Domain Login
This section describes the main procedures to support domain login.
A first option is the Hyperty to explicitly ask to connect (see Figure above):
Steps 1-3: Hyperty requests to connect to domain with a GET message sent to DomainURL which is subject for Authorisation by the Core Policy Engine.
Steps 4-5: according to applicable policies the Policy Engine request the Identity Module for an Access Token to be used in the login message, providing the Identity identifier associated to the hyperty and the scope (login to domain).
Steps 6-7: Identity Module returns a valid Access Token to be used in the domain login. To be noted that this may imply the generation of a new token in case there is no valid token stored in the Identity Module. In this case, the Identity Module may have to interact with an IdP back-end server through an IdP (proxy) Protocol Stub. The Access Token generation is described in D4.1.

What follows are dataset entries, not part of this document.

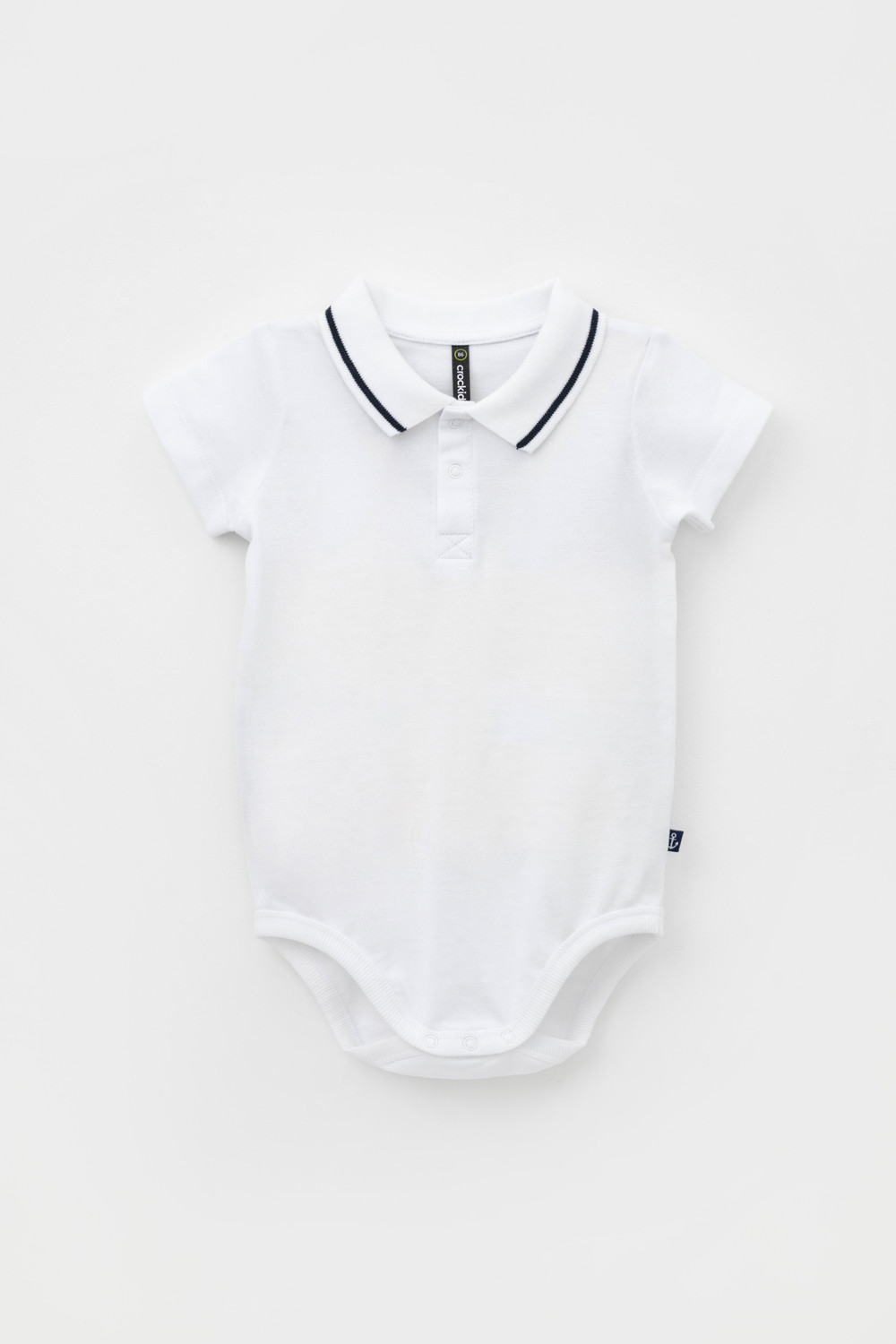 Полукомбинезон для мальчика, артикул: КР 6464, цвет: белый, фото 2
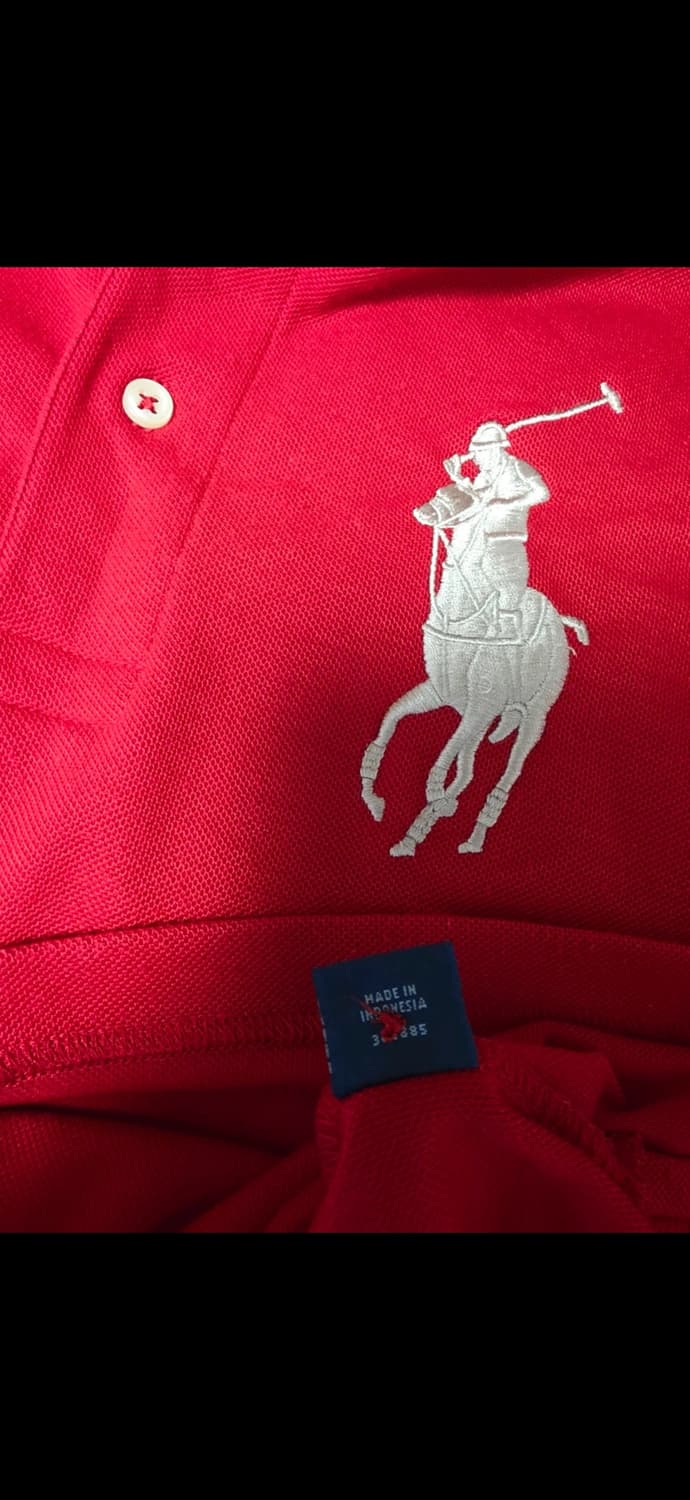 폴로 랄프로렌 빅포니 반팔 카라티 m 상품이미지3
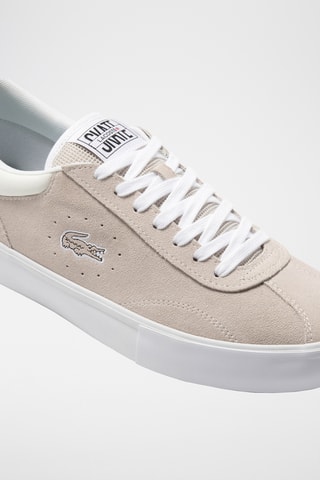 Sapatilhas em couro Trackserve - Cru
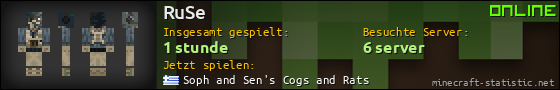 Benutzerleisten 560x90 für RuSe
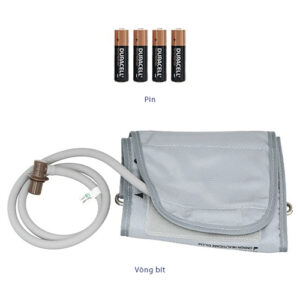 Pin và vòng bít máy Đo Huyết Áp Omron JPN750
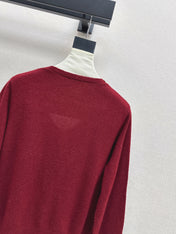 HERMES 25S V-NECK SWEATER 256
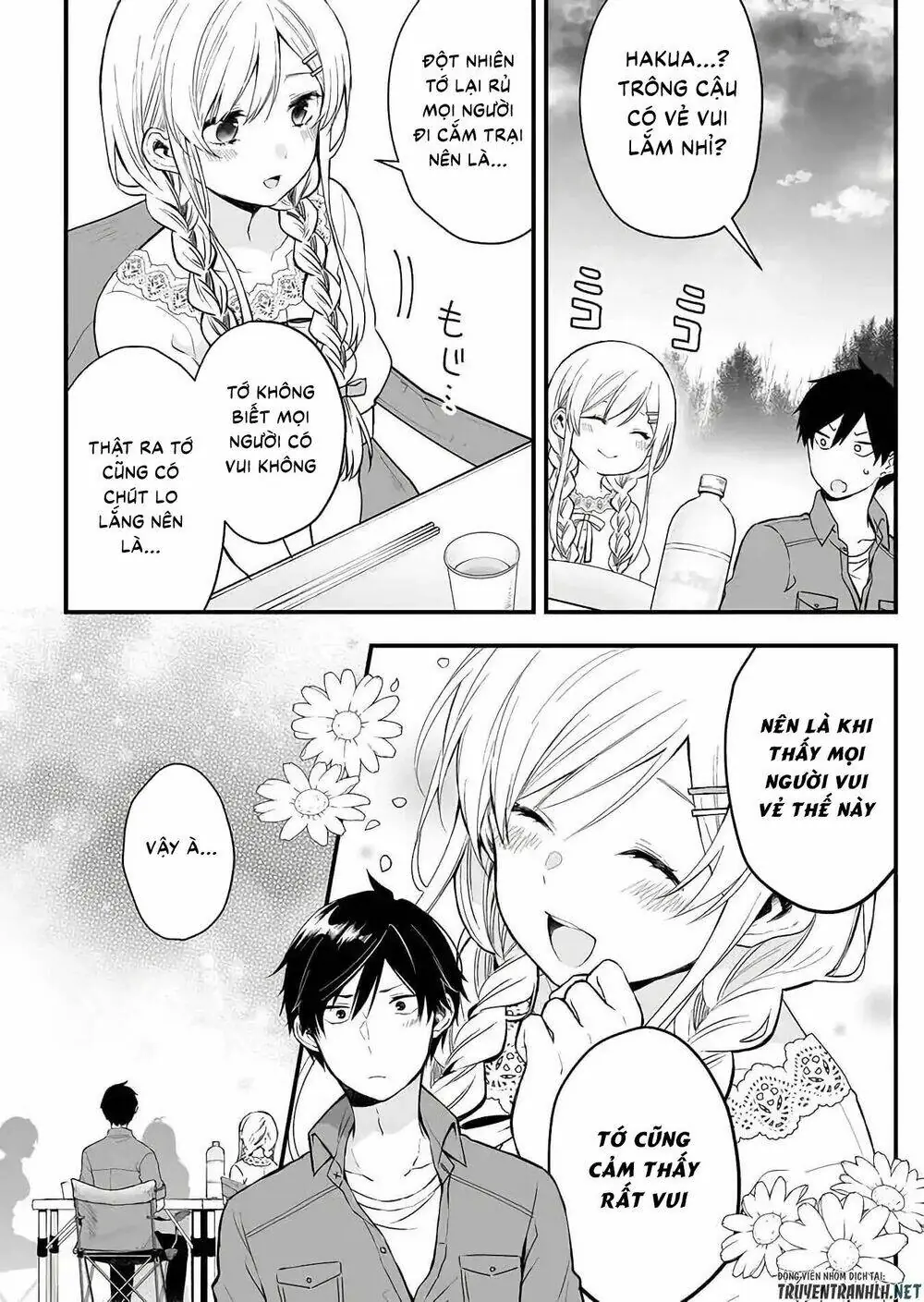 Koi Shita No De, Haishin Shite Mita Chapter 15 - Trang 13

Steps 8-10: the returned token is added to the login message by the Policy Engine, which is forwarded to the Protocol Stub by the Message BUS.
Steps 11-13: the Protocol Stub uses the Access Token to request to connect to the domain back-end server. If successful a Session Token is granted and returned back to the Protocol Stub. (it is assumed the session token is handled by the Protocol Stub and not by Core Runtime)
Steps 14-16: as soon as the Protocol Stub is connected, its status is updated (UPDATE message posted to its status URL resource) and Response message is sent back to the Hyperty.
In a second option (see Figure above), the ProtoStub only connects when requested to send the first message. The Access Token used in the connection request is provided like it is in the first option.